If you already completed the earlier training tutorial,  [Train a model](https://learn.microsoft.com/en-us/azure/machine-learning/tutorial-train-model), you've registered an MLflow model as part of the training script and can skip to the next section. 

If you didn't complete the training tutorial, you'll need to register the model. Registering your model before deployment is a recommended best practice.

In this example, we specify the `path` (where to upload files from) inline. If you [cloned the tutorials folder](https://learn.microsoft.com/en-us/azure/machine-learning/quickstart-create-resources##learn-from-sample-notebooks), then run the following code as-is. Otherwise, [download the files and metadata for the model to deploy](https://azuremlexampledata.blob.core.windows.net/datasets/credit_defaults_model.zip).
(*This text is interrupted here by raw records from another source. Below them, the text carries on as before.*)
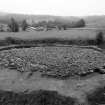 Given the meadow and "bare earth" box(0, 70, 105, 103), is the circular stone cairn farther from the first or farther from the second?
"bare earth" box(0, 70, 105, 103)

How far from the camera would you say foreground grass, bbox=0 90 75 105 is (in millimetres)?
7297

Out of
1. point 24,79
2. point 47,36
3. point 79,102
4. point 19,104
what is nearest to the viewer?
point 79,102

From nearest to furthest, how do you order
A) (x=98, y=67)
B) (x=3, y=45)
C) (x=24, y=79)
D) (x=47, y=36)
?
(x=24, y=79) < (x=98, y=67) < (x=3, y=45) < (x=47, y=36)

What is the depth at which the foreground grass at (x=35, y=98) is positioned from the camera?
730 centimetres

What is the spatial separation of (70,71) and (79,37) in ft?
32.4

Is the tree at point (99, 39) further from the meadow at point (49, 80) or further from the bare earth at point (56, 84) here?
the bare earth at point (56, 84)

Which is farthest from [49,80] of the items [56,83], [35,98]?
[35,98]

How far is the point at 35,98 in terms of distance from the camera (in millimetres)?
7547

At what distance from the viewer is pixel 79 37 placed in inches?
765

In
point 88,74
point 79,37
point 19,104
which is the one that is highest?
point 79,37

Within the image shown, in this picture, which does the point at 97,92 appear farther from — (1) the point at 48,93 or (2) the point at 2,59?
(2) the point at 2,59

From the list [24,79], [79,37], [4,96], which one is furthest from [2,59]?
[79,37]

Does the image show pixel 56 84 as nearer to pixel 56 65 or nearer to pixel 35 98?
pixel 35 98

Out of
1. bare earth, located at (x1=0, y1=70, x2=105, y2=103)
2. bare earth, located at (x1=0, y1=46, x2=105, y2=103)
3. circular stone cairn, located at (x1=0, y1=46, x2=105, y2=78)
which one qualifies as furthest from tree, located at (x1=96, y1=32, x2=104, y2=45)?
bare earth, located at (x1=0, y1=70, x2=105, y2=103) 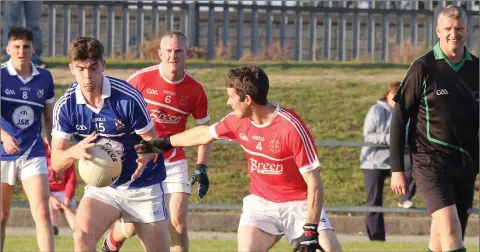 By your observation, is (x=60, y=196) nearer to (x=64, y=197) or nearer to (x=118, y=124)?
(x=64, y=197)

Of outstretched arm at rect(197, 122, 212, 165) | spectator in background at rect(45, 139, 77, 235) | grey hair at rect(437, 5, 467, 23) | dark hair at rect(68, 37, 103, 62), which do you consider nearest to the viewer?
dark hair at rect(68, 37, 103, 62)

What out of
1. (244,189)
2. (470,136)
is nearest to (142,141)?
(470,136)

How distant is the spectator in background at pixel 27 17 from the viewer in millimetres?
20547

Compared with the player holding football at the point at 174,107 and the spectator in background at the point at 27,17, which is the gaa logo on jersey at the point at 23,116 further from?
the spectator in background at the point at 27,17

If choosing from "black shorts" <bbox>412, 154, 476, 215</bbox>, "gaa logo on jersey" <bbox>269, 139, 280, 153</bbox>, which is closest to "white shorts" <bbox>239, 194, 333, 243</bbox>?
"gaa logo on jersey" <bbox>269, 139, 280, 153</bbox>

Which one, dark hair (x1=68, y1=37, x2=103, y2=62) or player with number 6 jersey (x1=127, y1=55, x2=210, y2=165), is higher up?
dark hair (x1=68, y1=37, x2=103, y2=62)

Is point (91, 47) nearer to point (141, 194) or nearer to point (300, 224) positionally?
point (141, 194)

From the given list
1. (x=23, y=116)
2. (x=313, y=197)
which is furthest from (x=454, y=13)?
(x=23, y=116)

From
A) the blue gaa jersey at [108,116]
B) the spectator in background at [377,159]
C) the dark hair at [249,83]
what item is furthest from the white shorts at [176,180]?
the spectator in background at [377,159]

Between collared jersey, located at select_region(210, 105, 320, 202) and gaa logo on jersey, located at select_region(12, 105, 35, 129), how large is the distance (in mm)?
3368

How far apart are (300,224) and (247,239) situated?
1.46 ft

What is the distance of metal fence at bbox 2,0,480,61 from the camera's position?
80.5 ft

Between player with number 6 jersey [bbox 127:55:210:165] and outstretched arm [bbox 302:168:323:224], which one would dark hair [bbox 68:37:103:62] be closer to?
outstretched arm [bbox 302:168:323:224]

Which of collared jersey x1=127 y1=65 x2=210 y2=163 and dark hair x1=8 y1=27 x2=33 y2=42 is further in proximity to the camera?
dark hair x1=8 y1=27 x2=33 y2=42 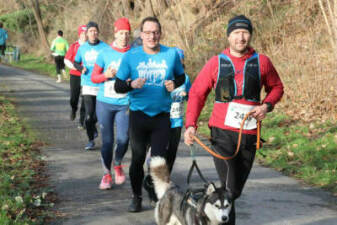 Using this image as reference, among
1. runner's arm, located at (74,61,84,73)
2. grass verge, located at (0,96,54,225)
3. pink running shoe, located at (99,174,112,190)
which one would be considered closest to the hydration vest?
grass verge, located at (0,96,54,225)

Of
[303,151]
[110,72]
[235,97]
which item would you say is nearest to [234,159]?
[235,97]

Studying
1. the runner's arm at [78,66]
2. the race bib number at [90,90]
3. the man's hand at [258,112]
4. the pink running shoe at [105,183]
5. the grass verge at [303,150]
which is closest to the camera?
the man's hand at [258,112]

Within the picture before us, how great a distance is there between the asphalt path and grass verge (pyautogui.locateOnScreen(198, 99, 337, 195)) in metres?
0.28

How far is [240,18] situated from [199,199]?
155 centimetres

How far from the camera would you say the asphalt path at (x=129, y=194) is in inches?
220

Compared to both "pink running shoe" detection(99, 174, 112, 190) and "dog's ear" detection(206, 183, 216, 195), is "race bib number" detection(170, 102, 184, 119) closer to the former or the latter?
"pink running shoe" detection(99, 174, 112, 190)

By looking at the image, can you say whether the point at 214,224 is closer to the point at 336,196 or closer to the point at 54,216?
the point at 54,216

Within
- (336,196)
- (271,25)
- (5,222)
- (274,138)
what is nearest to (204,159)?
(274,138)

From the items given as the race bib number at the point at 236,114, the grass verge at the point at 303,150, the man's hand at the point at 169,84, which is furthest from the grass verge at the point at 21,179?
the grass verge at the point at 303,150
Update the path to the location on your local computer where you've unzipped the model's files. 

The SDK automatically uploads the files and registers the model. 

For more information on registering your model as an asset, see [Register your model as an asset in Machine Learning by using the SDK](https://learn.microsoft.com/en-us/azure/machine-learning/how-to-manage-models?tabs=use-local%2Ccli#register-your-model-as-an-asset-in-machine-learning-by-using-the-sdk).

Deploy a local model to an endpoint:

In [13]:
%%writefile register_model.yml
$schema: https://azuremlschemas.azureedge.net/latest/model.schema.json
name: credit_defaults_model
path: ./deploy/credit_defaults_model/
type: mlflow_model
description: Credit Defaults Model.

Overwriting register_model.yml


In [49]:
!az ml model create -f register_model.yml

{
  "creation_context": {
    "created_at": "2023-10-24T18:59:53.783255+00:00",
    "created_by": "Anton Slutsky",
    "created_by_type": "User",
    "last_modified_at": "2023-10-24T18:59:53.783255+00:00",
    "last_modified_by": "Anton Slutsky",
    "last_modified_by_type": "User"
  },
  "description": "Credit Defaults Model.",
  "flavors": {
    "python_function": {
      "env": "{\n  \"conda\": \"conda.yaml\",\n  \"virtualenv\": \"python_env.yaml\"\n}",
      "loader_module": "mlflow.sklearn",
      "model_path": "model.pkl",
      "predict_fn": "predict",
      "python_version": "3.8.18"
    },
    "sklearn": {
      "code": "",
      "pickled_model": "model.pkl",
      "serialization_format": "cloudpickle",
      "sklearn_version": "0.24.2"
    }
  },
  "id": "azureml:/subscriptions/781b03e7-6eb7-4506-bab8-cf3a0d89b1d4/resourceGroups/SandboxML/providers/Microsoft.MachineLearningServices/workspaces/quick-start-tutorial/models/credit_defaults_model/versions/21",
  "name": "credit_de

### NOTE: Centralized ML Regstry, key component of MLOps

![image.png](attachment:image.png)

#### Verify Model Registration using Web UI

Trained models are managed through a Model Registry

![image.png](attachment:image.png)

### Step 6: Create a scalable, managed online Endpoint

#### Understanding online Endpoints

After you train a machine learning model, you need to deploy it so that others can use it for inferencing. For this purpose, Azure Machine Learning allows you to create **endpoints** and add **deployments** to them.

An **endpoint**, in this context, is an HTTPS path that provides an interface for clients to send requests (input data) to a trained model and receive the inferencing (scoring) results back from the model. An endpoint provides:

- Authentication using "key or token" based auth 
- [TLS(SSL)](https://simple.wikipedia.org/wiki/Transport_Layer_Security) termination
- A stable scoring URI (endpoint-name.region.inference.ml.azure.com)


A **deployment** is a set of resources required for hosting the model that does the actual inferencing. 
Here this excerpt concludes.